What’s important about this song is that the anxiety appears without origin; literally, “no provenance.” And so she concedes her authority to this partner who’s protected her – just like in “Good Intentions Paving Company”, she is happy to continue to be held.
Much speculation has concerned themes that appear to regard child loss by miscarriage or abortion in Newsom’s work. Baby Birch is clearly a song about a lost baby – but it seems most likely that it’s a song that pertains to a decision not to have one, whether by election or by termination. The song’s gruesome ending, however, in which the “baby” is portrayed as a rabbit that the narrator caught, held down and skinned, leaving it “upended, unspooling, unsung and blue”, suggests a measure of violence, however, and a measure of agency: “I thought it’d be harder to do,” she sings. And the song’s baby is something of which “there is the knowledge”, not theory.
But the woman in the story is still preoccupied by the desire to be a parent; this song is still about her relationship and what the future will bring – “I wish we could take every path,” she sings with sweet rue. The idea of raising a child together will resurface in the following song, as will the consequences of the subtly resentful lyric “I have never known the plan”.

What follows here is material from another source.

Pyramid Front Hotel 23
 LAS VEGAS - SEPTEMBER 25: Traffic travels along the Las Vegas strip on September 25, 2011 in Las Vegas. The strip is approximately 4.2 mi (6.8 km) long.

Although it begins with the heartbreaking “I will never know you,” Baby Birch is less about losing one child than it is about wanting the opportunity, at least, even if not now. “I hated to close the door on you,” she reflects, in dialogue with the unexplored opportunity. She wonders about what hair and eye color the child will have – perhaps even revealing that she wonders about who will ultimately parent her child with her, as if it may not be whom she’s with.
And despite the fact the narrator skinned the rabbit, she describes it as fleeing her, followed by her declaration of “wherever you go, little runaway bunny, I will find you” – suggesting that the opportunity to be a parent is not something she’s so willingly ready to surrender.